«Madame revient de loin»: souriez, Madame a fait du chemin

Jouant à fond la carte nostalgique au moyen de saynètes hilarantes, le duo mise sur une approche tout en légèreté qui donne du poids à leur panorama.
Photo: Artv Jouant à fond la carte nostalgique au moyen de saynètes hilarantes, le duo mise sur une approche tout en légèreté qui donne du poids à leur panorama.

« Souriez, c’est une habitude charmante à cultiver. » Le conseil est tiré de Charme, un guide énumérant les diktats qu’une jeune fille devait observer pour réussir dans les années 1960. Chantal Lamarre et Sylvie Dumontier y plongent avec humour pour mieux mesurer le chemin parcouru par les femmes depuis dans Madame revient de loin, un documentaire rempli d’esprit, persifleur quand il le faut, factuellement irréprochable et bourré de salutaires mises en perspective.

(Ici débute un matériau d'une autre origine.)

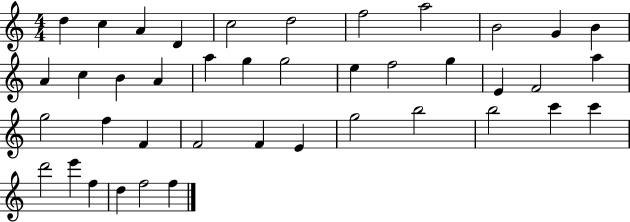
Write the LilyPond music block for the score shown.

{
  \clef treble
  \numericTimeSignature
  \time 4/4
  \key c \major
  d''4 c''4 a'4 d'4 | c''2 d''2 | f''2 a''2 | b'2 g'4 b'4 | \break a'4 c''4 b'4 a'4 | a''4 g''4 g''2 | e''4 f''2 g''4 | e'4 f'2 a''4 | \break g''2 f''4 f'4 | f'2 f'4 e'4 | g''2 b''2 | b''2 c'''4 c'''4 | \break d'''2 e'''4 f''4 | d''4 f''2 f''4 | \bar "|."
} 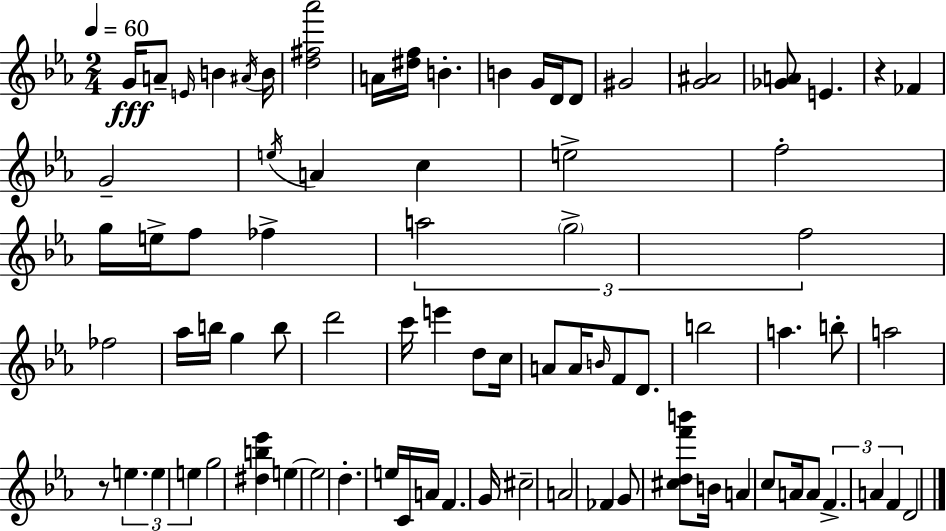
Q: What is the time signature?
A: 2/4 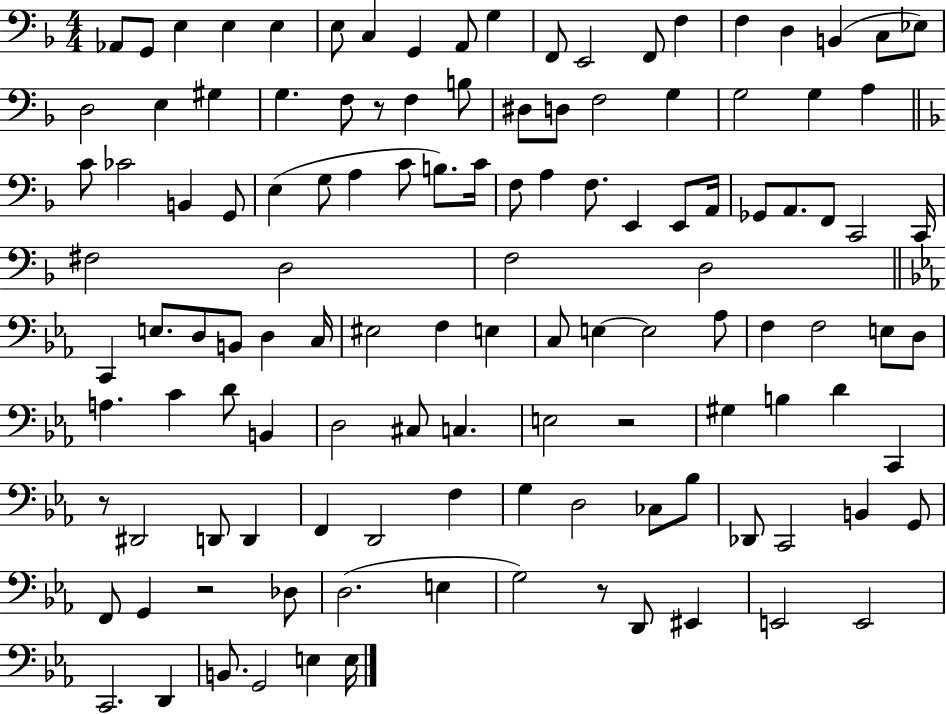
Ab2/e G2/e E3/q E3/q E3/q E3/e C3/q G2/q A2/e G3/q F2/e E2/h F2/e F3/q F3/q D3/q B2/q C3/e Eb3/e D3/h E3/q G#3/q G3/q. F3/e R/e F3/q B3/e D#3/e D3/e F3/h G3/q G3/h G3/q A3/q C4/e CES4/h B2/q G2/e E3/q G3/e A3/q C4/e B3/e. C4/s F3/e A3/q F3/e. E2/q E2/e A2/s Gb2/e A2/e. F2/e C2/h C2/s F#3/h D3/h F3/h D3/h C2/q E3/e. D3/e B2/e D3/q C3/s EIS3/h F3/q E3/q C3/e E3/q E3/h Ab3/e F3/q F3/h E3/e D3/e A3/q. C4/q D4/e B2/q D3/h C#3/e C3/q. E3/h R/h G#3/q B3/q D4/q C2/q R/e D#2/h D2/e D2/q F2/q D2/h F3/q G3/q D3/h CES3/e Bb3/e Db2/e C2/h B2/q G2/e F2/e G2/q R/h Db3/e D3/h. E3/q G3/h R/e D2/e EIS2/q E2/h E2/h C2/h. D2/q B2/e. G2/h E3/q E3/s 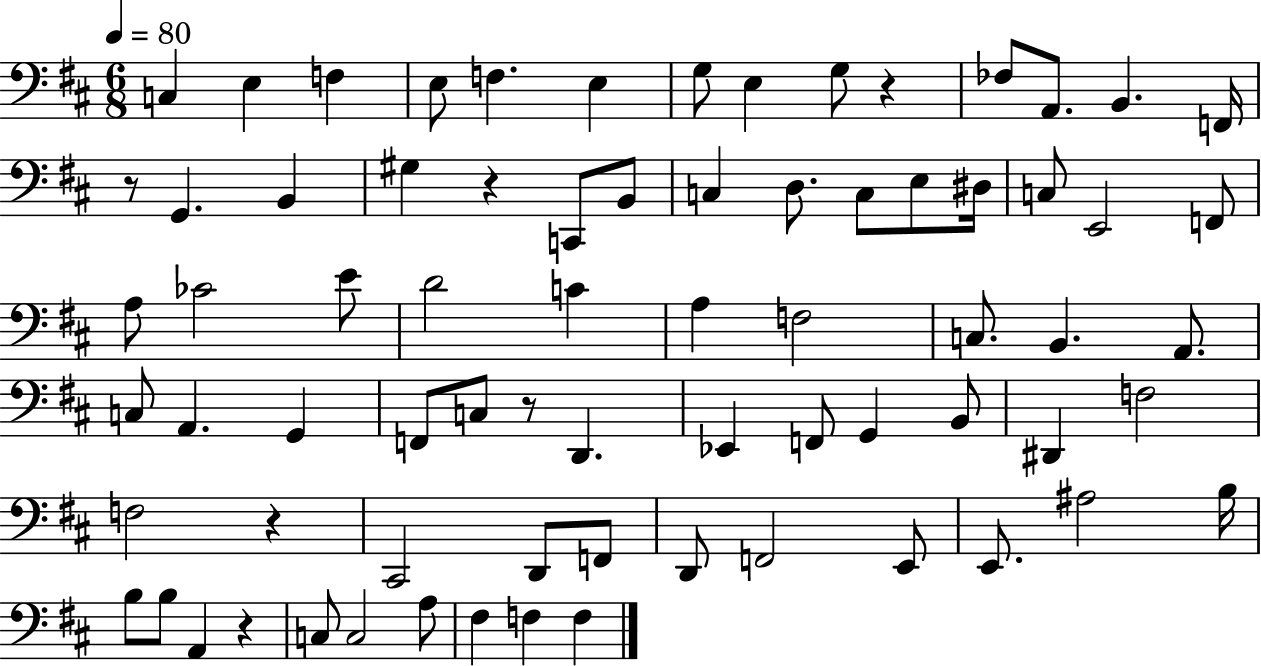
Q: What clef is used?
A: bass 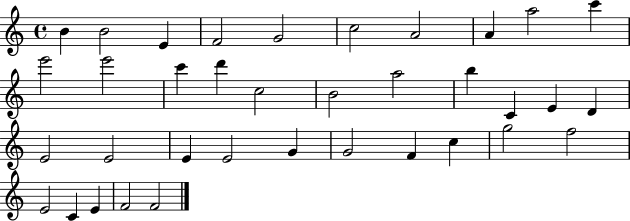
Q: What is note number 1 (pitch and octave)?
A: B4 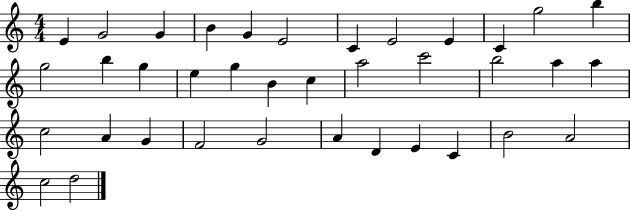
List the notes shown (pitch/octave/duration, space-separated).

E4/q G4/h G4/q B4/q G4/q E4/h C4/q E4/h E4/q C4/q G5/h B5/q G5/h B5/q G5/q E5/q G5/q B4/q C5/q A5/h C6/h B5/h A5/q A5/q C5/h A4/q G4/q F4/h G4/h A4/q D4/q E4/q C4/q B4/h A4/h C5/h D5/h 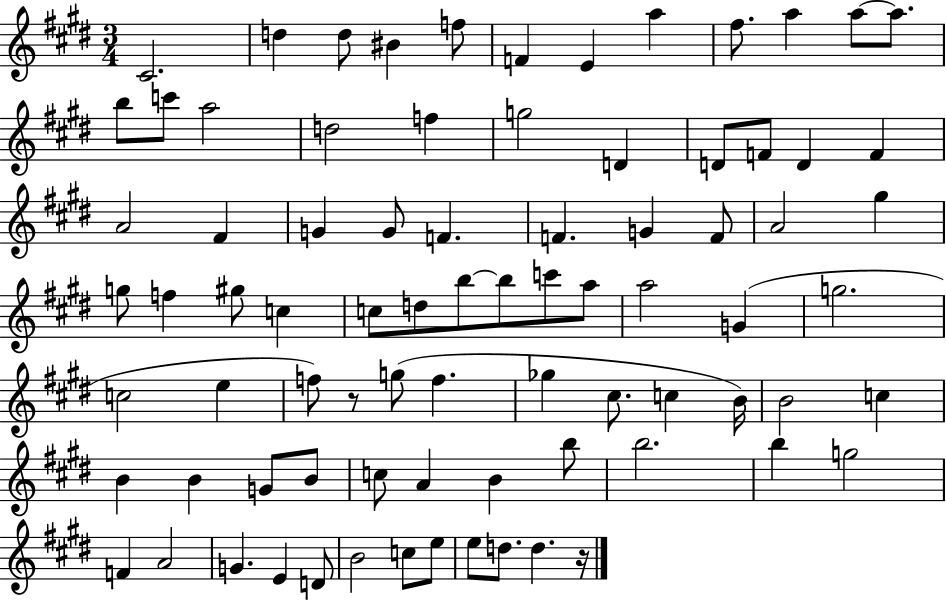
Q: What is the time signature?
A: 3/4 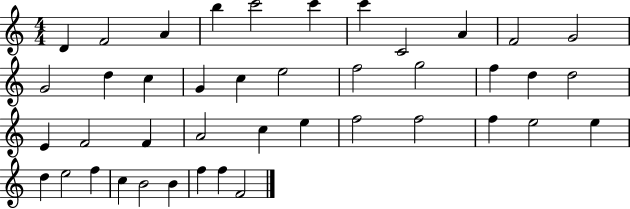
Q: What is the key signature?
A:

Jouant à fond la carte nostalgique au moyen de saynètes hilarantes, le duo mise sur une approche tout en légèreté qui donne du poids à leur panorama. Lamarre et Dumontier convoquent aussi à la barre des chiffres et des faits, que des spécialistes comme la sociologue Francine Descarries et l’autrice Martine Delvaux éclairent. Travail, vie familiale, rapport au corps, à la beauté et au sexisme ordinaire passent sous leur radar critique tandis que des femmes, des hommes et des enfants témoignent en toute transparence de leur quotidien plus ou moins asymétrique.

À la réalisation, Mélanie Dion a su trouver un fil solide pour relier ces segments au premier abord disparates. Le tout est porté par une parole réfléchie, mû par une même volonté, celle de prendre la pleine mesure de cette émancipation formidable, mais inachevée. Car oui, Madame, en 2020, est forte, libre et indépendante. Elle a le choix, des choix. Mais le monde autour d’elle a conservé des réflexes et des contraintes qui, quotidiennement, insidieusement, lui rappellent que Madame attend encore son heure.